In April, Shakiban opened Medi Bistro with the intention of creating a “destination” restaurant. “Persian food is a vast cuisine, and everything about it has to be related to the culture,” he says. “People travel for this kind of food.” Every recipe, from the palate-prepping pickles (delicately marinated in 19 herbs and spices, most of them imported and house-ground) to the Persian ice cream and tea was crafted by Shakiban.
Lightly blackened pita and dips of hummus, smoky eggplant, and labne pair with authentic salads, slow-cooked stews, and traditional kebabs of chicken, lamb (tender as filet mignon), seafood, and beef koobideh, a blend of four meats and a mouth feel as light as air. Most everything enjoys the kiss of pure, Persian saffron, particularly the rice, and all of it is to be shared. “The table my mother prepared was a smorgasbord,” Shakiban says. “Three different stews, two to three rices. And everything — the yogurt, the marinated garlic — was homemade.”

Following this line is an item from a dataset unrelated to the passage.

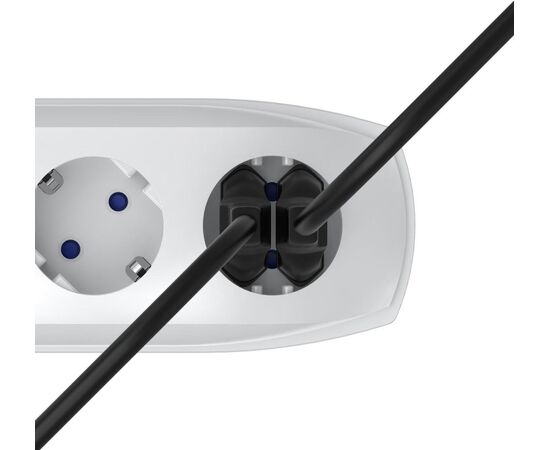  Сетевой фильтр Pilot Pro 183 USB 5м 6 розеток серый (коробка)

A dozen wines and Persian cocktails complement a meal that not only satisfies but also serves as an immersion in Persian culture. “There’s no such thing as Persian fusion, and I wasn’t looking for any new styles,” says Shakiban of his latest venture, the culmination of a food career that’s spanned 65 years. “It was trial and error, one dish at a time — until it tasted like home.”